Interesting.
WASHINGTON -- The Supreme Court on Monday turned aside an appeal by a Mexican citizen on death row in Texas who contended he and 50 other Mexicans should have their death sentences overturned because they were improperly denied legal help from their consulates in violation of international law.
In an unsigned decision, justices dismissed as premature the case of Jose Medellin, who argued he was entitled to a federal court hearing on whether his rights were violated when a Texas court tried and sentenced him to death in 1994 on rape and murder charges without consular access. The court cited a last-minute maneuver by President Bush ordering state courts to revisit the issue, making Supreme Court intervention unnecessary at this time. It reserved the right to hear the appeal again once the case had run its full course in state court.
"In light of the possibility that the Texas courts will provide Medellin with the review he seeks," the opinion stated, "we think it would be unwise to reach and resolve the multiple hindrances to dispositive answers to the questions here presented." [...]
Most Court watchers had thought that the Court would take up the case, not because they disagreed with the administration's action, but because doing otherwise is to allow the executive branch an unusual amount of discretion in determining what the judicial branch will do with cases already in process.
...In a signed dissent, Justice Sandra Day O'Connor said she would have ordered the federal courts to review the important issue of whether international law should be binding on the U.S. courts.
The Supreme Court should not refrain from intervening in a case because of Bush's last-minute action and the mere possiblity Medellin might receive relief in the state courts, she wrote in an opinion joined by Justice John Paul Stevens, David H. Souter, and Stephen G. Breyer.
In other words, it was a 5-4 decision for dismissal, with O'Connor on the losing side, for the second time in as many 5-4 decisions. Somewhat unusual, these days. It's also a somewhat unusual five-judge majority, with Ginzburg siding with the more conservative justices.

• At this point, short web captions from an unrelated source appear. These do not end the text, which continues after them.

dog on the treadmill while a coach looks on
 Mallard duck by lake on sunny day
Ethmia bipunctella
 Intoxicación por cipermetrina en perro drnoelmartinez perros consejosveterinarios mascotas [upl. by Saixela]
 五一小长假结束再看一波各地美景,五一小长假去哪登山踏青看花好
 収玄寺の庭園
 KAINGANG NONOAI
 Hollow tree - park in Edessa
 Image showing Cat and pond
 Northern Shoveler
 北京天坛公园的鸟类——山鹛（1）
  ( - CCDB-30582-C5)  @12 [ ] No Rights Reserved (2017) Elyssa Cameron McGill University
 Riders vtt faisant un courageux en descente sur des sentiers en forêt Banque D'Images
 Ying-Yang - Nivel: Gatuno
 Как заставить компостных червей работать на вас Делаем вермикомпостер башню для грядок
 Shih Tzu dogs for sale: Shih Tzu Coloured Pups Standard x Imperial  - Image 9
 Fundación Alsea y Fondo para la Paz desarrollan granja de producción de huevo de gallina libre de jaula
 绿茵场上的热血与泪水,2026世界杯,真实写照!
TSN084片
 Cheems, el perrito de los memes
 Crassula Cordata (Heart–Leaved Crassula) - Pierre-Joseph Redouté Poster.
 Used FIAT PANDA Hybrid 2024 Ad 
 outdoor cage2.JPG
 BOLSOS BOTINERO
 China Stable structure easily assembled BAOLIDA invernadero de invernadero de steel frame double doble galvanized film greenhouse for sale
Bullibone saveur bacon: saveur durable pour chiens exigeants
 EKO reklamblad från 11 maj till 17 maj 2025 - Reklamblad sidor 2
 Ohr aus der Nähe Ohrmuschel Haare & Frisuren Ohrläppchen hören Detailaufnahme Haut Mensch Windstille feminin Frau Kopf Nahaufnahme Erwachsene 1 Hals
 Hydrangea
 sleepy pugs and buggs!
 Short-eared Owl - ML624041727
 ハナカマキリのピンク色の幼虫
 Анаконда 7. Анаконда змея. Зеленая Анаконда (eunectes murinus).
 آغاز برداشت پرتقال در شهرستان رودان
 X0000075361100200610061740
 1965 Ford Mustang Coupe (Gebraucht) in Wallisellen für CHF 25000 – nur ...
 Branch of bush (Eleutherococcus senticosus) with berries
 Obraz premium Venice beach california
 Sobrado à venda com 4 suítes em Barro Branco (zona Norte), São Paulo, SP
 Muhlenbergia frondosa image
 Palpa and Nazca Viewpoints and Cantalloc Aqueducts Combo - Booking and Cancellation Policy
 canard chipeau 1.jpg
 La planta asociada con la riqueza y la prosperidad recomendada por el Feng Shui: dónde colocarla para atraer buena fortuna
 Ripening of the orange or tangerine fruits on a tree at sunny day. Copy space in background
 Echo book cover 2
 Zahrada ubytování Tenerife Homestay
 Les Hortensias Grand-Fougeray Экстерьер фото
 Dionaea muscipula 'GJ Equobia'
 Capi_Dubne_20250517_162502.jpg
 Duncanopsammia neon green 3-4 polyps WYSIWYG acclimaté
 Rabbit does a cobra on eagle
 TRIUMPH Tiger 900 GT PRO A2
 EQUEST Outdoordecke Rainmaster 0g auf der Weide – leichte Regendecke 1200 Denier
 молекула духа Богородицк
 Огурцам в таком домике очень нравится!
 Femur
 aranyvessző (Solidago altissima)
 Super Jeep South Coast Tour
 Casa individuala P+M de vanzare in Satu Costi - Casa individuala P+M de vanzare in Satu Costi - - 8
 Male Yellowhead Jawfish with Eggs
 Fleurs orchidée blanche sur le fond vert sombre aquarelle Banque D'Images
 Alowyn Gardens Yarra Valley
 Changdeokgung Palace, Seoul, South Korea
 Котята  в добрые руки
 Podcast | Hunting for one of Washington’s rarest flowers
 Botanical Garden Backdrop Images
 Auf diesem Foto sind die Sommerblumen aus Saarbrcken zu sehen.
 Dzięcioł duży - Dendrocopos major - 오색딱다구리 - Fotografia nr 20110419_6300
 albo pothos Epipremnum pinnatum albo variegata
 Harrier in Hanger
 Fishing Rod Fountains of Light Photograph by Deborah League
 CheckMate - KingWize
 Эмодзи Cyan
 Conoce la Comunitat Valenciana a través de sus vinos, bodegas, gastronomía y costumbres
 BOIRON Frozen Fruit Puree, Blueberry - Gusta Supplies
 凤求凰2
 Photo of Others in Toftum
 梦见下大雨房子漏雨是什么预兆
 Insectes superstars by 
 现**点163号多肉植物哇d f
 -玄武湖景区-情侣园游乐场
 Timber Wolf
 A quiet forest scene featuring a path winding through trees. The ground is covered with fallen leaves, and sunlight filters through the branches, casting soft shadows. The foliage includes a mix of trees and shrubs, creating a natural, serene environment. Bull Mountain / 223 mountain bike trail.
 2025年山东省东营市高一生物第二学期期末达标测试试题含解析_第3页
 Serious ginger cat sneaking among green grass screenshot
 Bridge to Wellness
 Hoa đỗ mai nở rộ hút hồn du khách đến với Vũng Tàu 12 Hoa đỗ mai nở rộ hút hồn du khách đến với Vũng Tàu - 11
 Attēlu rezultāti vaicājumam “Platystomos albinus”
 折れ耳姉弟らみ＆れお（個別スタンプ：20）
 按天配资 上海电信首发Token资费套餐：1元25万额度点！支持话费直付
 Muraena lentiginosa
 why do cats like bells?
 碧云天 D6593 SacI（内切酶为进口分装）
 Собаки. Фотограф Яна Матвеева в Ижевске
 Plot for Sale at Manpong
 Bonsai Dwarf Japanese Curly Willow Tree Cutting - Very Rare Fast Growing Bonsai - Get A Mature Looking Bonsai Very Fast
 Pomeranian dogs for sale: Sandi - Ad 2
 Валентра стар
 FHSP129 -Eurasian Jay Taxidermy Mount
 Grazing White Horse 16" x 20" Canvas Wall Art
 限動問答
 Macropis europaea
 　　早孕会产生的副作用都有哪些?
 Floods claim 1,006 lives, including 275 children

The truly puzzling thing is why the merits of this case aren't being heard. Normally, it takes only four justices to grant certiorari; having a majority for dismissal wouldn't normally seem dispositive. With a four-justice dissent saying that they thought the case should be heard, it would seem that technically, certiorari was granted, and then the case was immediately dismissed as "certiorari improvidently granted".